_Assigned task:_
Within the entries below, please retype exactly the lines starting with the line that has "Cecil Beaton The" and going on through the line that has "Горящие туры в", but not the pictures.

_Dataset:_
★ ★ ★ ★

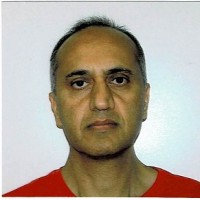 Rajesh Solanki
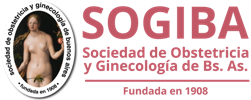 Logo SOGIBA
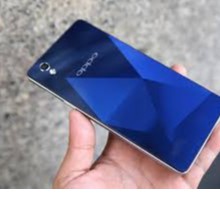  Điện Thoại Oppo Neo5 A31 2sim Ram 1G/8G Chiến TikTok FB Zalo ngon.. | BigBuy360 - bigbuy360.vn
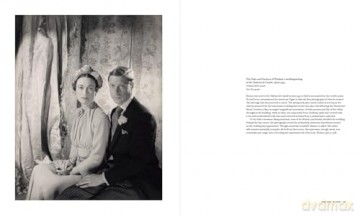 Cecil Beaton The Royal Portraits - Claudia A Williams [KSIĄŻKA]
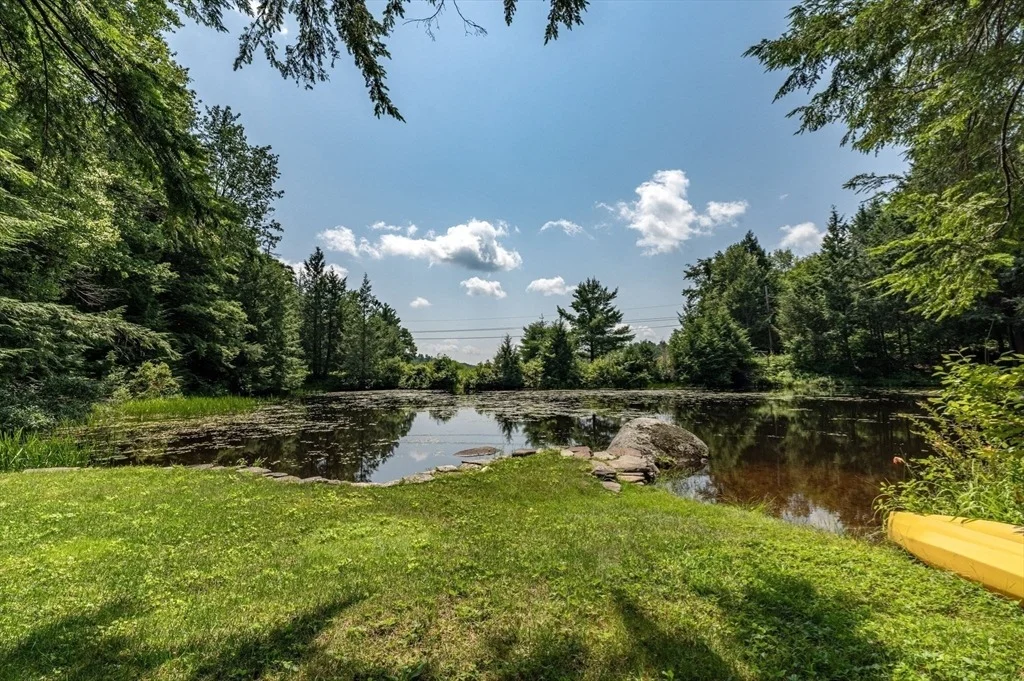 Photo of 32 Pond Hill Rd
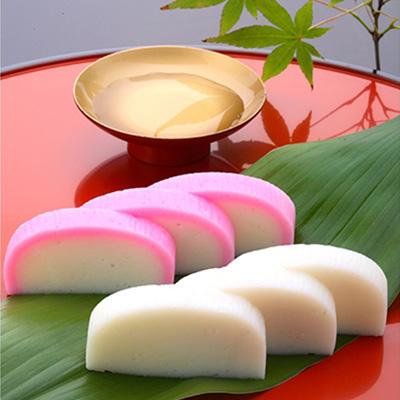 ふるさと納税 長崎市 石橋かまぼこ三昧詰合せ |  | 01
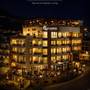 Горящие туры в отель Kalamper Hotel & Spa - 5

★ ★ ★ ★

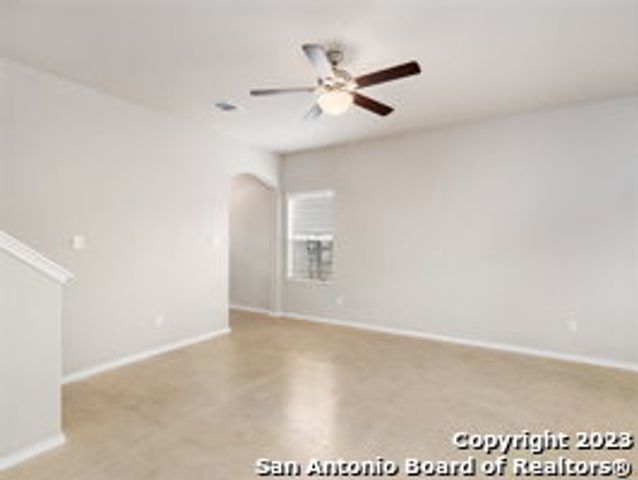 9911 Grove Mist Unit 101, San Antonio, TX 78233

★ ★ ★ ★

_Solution for this exercise:_
 Cecil Beaton The Royal Portraits - Claudia A Williams [KSIĄŻKA]
 Photo of 32 Pond Hill Rd
 ふるさと納税 長崎市 石橋かまぼこ三昧詰合せ |  | 01
 Горящие туры в отель Kalamper Hotel & Spa - 5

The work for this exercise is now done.